**Supplied records**

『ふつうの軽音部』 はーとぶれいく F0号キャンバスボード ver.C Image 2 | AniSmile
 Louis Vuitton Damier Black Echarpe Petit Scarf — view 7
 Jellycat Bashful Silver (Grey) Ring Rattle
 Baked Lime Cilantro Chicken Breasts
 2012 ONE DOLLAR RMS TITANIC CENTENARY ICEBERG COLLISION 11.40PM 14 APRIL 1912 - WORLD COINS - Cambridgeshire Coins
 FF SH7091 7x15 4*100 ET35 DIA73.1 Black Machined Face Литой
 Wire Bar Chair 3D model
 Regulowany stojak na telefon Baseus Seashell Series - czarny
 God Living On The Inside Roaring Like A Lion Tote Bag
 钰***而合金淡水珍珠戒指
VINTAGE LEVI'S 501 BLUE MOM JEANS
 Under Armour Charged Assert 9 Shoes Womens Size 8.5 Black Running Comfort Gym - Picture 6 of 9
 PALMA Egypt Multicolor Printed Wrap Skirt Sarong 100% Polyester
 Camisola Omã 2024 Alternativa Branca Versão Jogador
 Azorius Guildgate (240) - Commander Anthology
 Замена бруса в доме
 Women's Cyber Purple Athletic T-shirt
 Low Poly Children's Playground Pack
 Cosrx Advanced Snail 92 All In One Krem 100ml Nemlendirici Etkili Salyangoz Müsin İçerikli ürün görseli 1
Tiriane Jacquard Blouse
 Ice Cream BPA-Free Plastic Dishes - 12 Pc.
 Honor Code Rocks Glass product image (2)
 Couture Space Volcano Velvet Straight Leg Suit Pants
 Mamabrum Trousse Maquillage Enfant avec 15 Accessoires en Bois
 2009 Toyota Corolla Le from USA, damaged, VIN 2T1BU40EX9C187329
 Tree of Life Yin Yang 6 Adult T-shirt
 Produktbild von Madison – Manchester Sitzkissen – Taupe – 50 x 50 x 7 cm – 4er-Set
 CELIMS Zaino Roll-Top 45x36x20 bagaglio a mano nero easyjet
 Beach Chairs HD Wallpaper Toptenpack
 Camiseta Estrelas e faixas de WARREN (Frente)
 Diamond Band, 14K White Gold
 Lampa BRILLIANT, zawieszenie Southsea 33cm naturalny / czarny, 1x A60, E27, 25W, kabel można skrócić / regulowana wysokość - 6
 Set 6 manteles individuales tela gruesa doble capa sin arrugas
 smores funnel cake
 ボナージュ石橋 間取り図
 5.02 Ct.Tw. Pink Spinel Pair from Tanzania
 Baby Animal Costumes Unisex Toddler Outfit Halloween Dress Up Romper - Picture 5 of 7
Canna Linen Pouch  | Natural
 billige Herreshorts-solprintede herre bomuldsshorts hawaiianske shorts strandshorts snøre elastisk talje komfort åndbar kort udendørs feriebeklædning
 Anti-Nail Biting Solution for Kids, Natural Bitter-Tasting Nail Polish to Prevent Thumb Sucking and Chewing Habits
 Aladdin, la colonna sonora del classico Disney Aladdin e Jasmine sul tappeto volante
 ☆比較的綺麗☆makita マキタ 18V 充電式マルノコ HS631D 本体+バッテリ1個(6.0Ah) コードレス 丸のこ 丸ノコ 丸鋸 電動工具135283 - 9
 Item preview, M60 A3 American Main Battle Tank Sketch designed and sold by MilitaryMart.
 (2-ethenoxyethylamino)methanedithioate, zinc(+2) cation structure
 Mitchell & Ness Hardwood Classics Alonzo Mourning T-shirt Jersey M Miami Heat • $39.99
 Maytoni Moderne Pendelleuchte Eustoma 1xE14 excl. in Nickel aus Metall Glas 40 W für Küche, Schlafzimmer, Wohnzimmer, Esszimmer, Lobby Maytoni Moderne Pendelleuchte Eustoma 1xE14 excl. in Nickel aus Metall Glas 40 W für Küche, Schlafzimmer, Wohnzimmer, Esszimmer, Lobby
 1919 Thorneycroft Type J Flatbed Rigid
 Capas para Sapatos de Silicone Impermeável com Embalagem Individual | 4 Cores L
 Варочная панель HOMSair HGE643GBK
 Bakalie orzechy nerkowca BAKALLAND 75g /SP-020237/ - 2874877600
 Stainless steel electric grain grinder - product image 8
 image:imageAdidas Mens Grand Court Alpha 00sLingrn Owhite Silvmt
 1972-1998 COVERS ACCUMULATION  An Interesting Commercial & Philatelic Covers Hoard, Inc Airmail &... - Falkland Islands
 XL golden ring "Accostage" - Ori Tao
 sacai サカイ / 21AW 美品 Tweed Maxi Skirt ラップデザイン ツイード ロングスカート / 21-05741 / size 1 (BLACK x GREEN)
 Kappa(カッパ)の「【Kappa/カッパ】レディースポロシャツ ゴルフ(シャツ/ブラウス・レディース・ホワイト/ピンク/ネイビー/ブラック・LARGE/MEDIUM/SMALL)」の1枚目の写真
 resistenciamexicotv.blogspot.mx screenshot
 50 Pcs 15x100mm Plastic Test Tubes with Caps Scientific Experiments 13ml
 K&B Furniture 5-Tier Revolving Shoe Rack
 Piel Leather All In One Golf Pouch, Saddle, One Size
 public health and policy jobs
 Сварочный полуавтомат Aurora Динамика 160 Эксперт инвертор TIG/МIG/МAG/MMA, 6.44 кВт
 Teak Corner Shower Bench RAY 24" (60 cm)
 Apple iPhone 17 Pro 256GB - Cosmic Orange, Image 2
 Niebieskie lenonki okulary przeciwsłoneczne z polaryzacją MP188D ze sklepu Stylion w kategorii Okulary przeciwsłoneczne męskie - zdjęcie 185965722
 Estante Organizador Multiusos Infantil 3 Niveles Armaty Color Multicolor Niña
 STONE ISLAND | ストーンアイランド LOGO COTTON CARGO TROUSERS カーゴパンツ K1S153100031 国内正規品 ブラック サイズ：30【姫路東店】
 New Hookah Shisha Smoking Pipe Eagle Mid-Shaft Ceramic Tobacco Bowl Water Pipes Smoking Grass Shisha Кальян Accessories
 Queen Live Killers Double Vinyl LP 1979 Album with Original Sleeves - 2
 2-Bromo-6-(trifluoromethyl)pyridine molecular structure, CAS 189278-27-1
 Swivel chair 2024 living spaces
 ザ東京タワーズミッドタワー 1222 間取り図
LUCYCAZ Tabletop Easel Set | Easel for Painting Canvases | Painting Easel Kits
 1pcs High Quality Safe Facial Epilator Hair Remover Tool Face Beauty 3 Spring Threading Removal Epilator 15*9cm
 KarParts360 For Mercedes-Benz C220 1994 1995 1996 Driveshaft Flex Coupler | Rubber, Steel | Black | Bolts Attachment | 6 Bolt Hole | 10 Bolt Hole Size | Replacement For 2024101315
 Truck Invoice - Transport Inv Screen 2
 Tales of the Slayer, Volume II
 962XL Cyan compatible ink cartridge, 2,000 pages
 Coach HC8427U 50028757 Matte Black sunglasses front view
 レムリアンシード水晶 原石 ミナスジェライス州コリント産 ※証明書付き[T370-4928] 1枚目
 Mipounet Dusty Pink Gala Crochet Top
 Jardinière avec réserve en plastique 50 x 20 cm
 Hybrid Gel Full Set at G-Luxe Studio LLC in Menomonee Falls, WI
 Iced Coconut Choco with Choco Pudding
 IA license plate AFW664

**Directions for this task**
Give the exact lines, and only those, from the line containing "ボナージュ石橋 間取り図" through the line containing "Mitchell & Ness" in the entries above.

**Solved problem**
 ボナージュ石橋 間取り図
 5.02 Ct.Tw. Pink Spinel Pair from Tanzania
 Baby Animal Costumes Unisex Toddler Outfit Halloween Dress Up Romper - Picture 5 of 7
Canna Linen Pouch  | Natural
 billige Herreshorts-solprintede herre bomuldsshorts hawaiianske shorts strandshorts snøre elastisk talje komfort åndbar kort udendørs feriebeklædning
 Anti-Nail Biting Solution for Kids, Natural Bitter-Tasting Nail Polish to Prevent Thumb Sucking and Chewing Habits
 Aladdin, la colonna sonora del classico Disney Aladdin e Jasmine sul tappeto volante
 ☆比較的綺麗☆makita マキタ 18V 充電式マルノコ HS631D 本体+バッテリ1個(6.0Ah) コードレス 丸のこ 丸ノコ 丸鋸 電動工具135283 - 9
 Item preview, M60 A3 American Main Battle Tank Sketch designed and sold by MilitaryMart.
 (2-ethenoxyethylamino)methanedithioate, zinc(+2) cation structure
 Mitchell & Ness Hardwood Classics Alonzo Mourning T-shirt Jersey M Miami Heat • $39.99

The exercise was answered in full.